The government might think that at this moment there is no urgency to issue Trade Dress law. Instead the regulation on trade Dress, the perfection on some IPR laws are still become a problem, such as the implementation regulation on IPR which is urgently to be made i.e. Famous Mark and the Revision Laws on Mark, Copyright and Patent. This condition has made the regulation on trade dress as the second matter whereas in reality we can find the great number of cases on trade dress infringements. There are many trade dress cases are not settled satisfactory under the reason of the law uncertainty. As the consequences many of the trademark owners are harmed.
A trade dress can be defined as a total image of a product from the manufacturer. In consist of design, color, combination of color, shape, size, graphics, and composition, even it is including a certain selling technique. In daily life, we can see, for example, a packaging of a product. An interesting product indeed is not only created from its mark which is ear-catching, but it is also created from the packaging which is eye-catching.
Cell phone products such as “NOKIA”, “ERICSSON”, and “BLACKBERRY” indeed can be said as famous marks that can be erased from people’s mind globally. If we see the packaging of these cellular phones, we will see the differences in the packaging. Nokia’s packaging is in blue color with its particular design. Ericsson’s packaging is with its special particular light green. So by seeing its packaging and without even having read its brand, the cell phones consumers know what products they are holding.

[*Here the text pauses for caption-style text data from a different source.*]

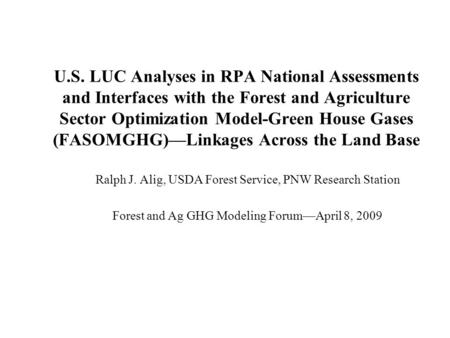 U.S. LUC Analyses in RPA National Assessments and Interfaces with the Forest and Agriculture Sector Optimization Model-Green House Gases (FASOMGHG)—Linkages.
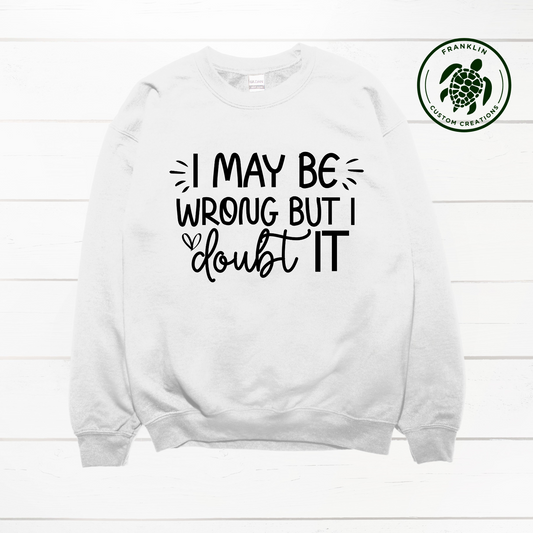 I May Be Wrong, But I Doubt it Crew Neck Sweatshirt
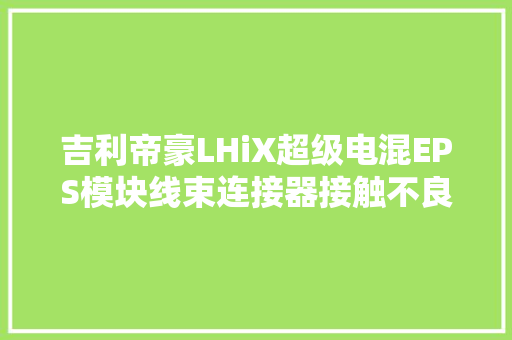 吉利帝豪LHiX超级电混EPS模块线束连接器接触不良故障维修案例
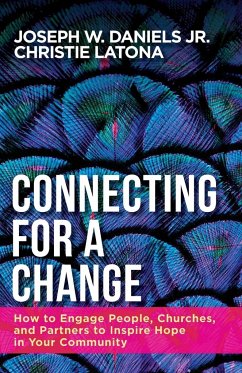 Connecting for a Change - Daniels, Joseph W.; Latona, Christine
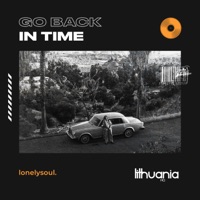 Go Back in Time - Single - lonelysoul.
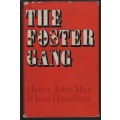 The Forster Gang - May, Henry John; Hamilton, I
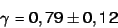 \begin{displaymath}
\gamma = 0,79 \pm 0,12
\end{displaymath}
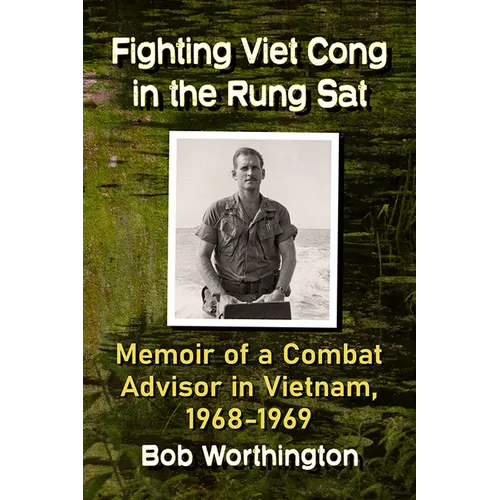Fighting Viet Cong in the Rung SAT: Memoir of a Combat Advisor in Vietnam, 1968-1969 - Paperback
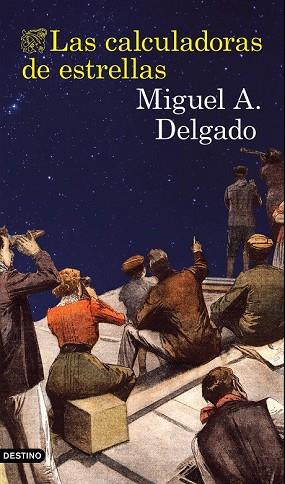 CALCULADORAS DE ESTRELLAS, LAS | 9788423351442 | DELGADO, MIGUEL ÁNGEL | Llibreria Drac - Librería de Olot | Comprar libros en catalán y castellano online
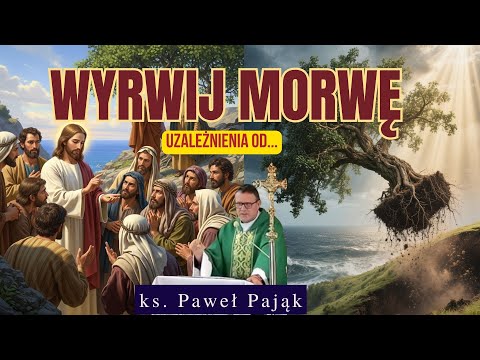 Wiara sprawdzi się w próbie | Wyrwij morwę uzależnienia od... - ks. Paweł Pająk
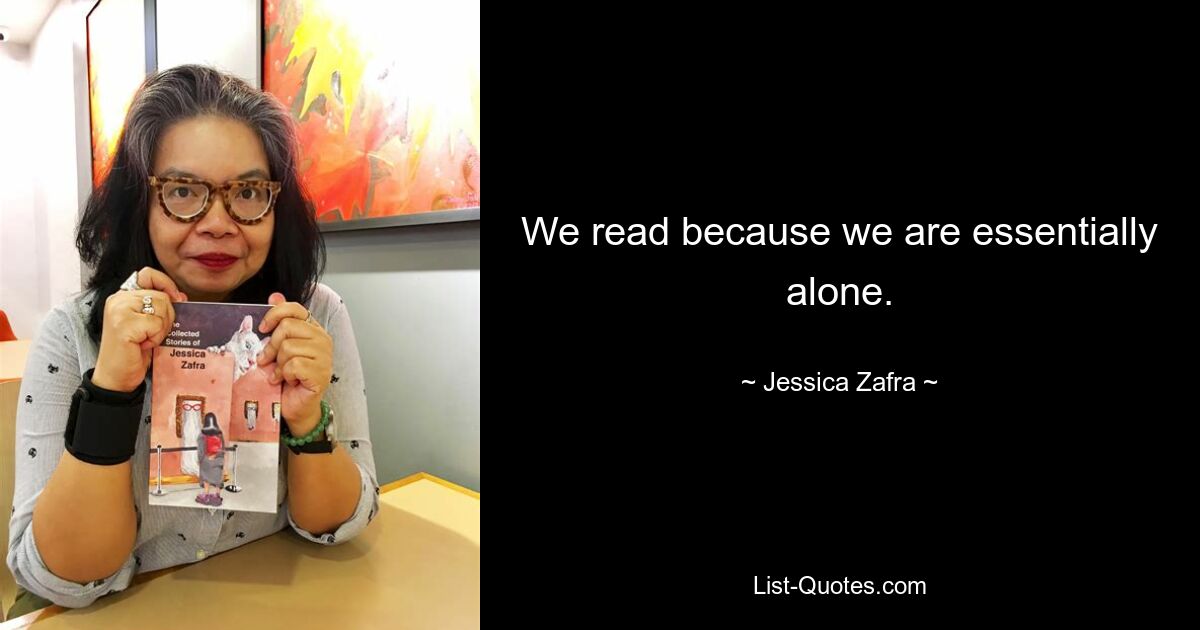 We read because we are essentially alone. — © Jessica Zafra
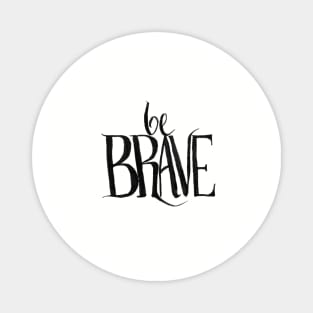 be brave Magnet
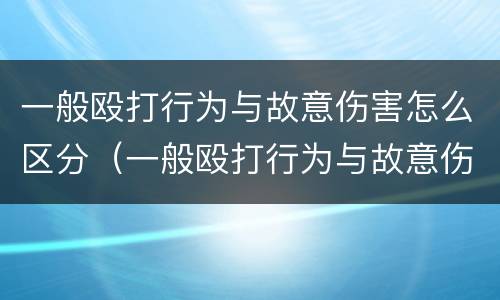 一般殴打行为与故意伤害怎么区分（一般殴打行为与故意伤害怎么区分呢）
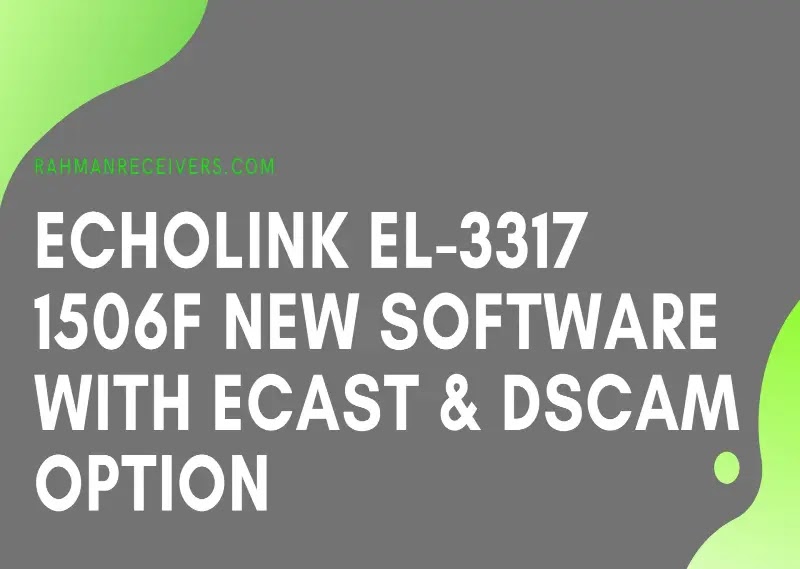 ECHOLINK EL-3317 1506F NEW SOFTWARE WITH ECAST & DSCAM OPTION 23 AUGUST 2019 ECHOLINK EL-3317 1506F NEW SOFTWARE WITH ECAST & DSCAM OPTION 23 AUGUST 2019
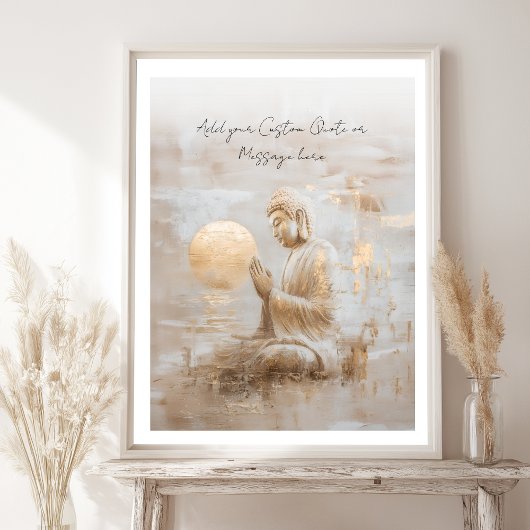Create Your Own Motivational Quote- Buddha Poster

As a mark “NOKIA” mark is cannot be argued existence because it has been legally protected in many countries. But what is about its packaging? Is it legally protected? It is a certain thing that in Indonesia this matter can be a problem, because of the uncertainty of trade dress regulation. This legal loophole is always used by naughty businessmen to copy the drawing/design of a product in entirety, either its packaging, color, size, shape or name of the product which is very confusing with the original product. It is not a rare thing that this consumers’ cheating tactic is succeeded. The new consumers/buyers will certainly be deceived with its same appearance. However, its taste and quality cannot be cheated because later on the buyer will know the differences between such same products.

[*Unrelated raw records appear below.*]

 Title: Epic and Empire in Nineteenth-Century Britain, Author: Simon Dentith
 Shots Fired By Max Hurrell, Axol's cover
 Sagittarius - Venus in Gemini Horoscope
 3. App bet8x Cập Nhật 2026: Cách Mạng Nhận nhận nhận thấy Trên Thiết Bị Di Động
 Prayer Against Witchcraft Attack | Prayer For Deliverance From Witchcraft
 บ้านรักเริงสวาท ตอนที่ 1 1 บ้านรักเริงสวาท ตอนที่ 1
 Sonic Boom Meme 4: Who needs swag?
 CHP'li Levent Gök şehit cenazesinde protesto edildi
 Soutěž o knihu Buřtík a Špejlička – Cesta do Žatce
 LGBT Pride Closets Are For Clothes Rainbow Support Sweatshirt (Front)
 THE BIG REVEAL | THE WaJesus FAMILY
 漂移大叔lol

One thing needs to be noted that in the case of trade dress infringement, the first easiest comparison is by placing both products side by side. Then we can by clear view whether its “total look” is different or not? It is not necessary to see the brand on both products. The important thing is that the entire product is having no difference and it will confuse the consumers’ mind while choosing both products. Second, is by giving different meaning on the mark it self whereas its packaging can be regarded a mark function.
By looking at its packaging even just once, the consumers will recognize that such product is a product of a certain mark. For example is the packaging of KFC (Kentucky Fried Chicken) with the drawing of an old man wearing a spectacle. At a glance, even without its KFC mark, the buyers will recognize that such thing is the packaging of KFC’s product. So, it is clear that in the case of packaging then the packaging of Kentucky Fried Chicken can be referred into a trademark.
Considering that for the time being there is no regulation on trade dress, some of the trademark owners try to take the legal way by registering their packaging through copyright registration in accordance with the Copyright Law No. 19 Year 2002. As for the creation protection in the form two or three dimensions, it can be done by registering through the Industrial Design Law No. 31 Year 2001. All of these actions are taken for the sake to protect the interests of the good faith trademark owner, isn’t it?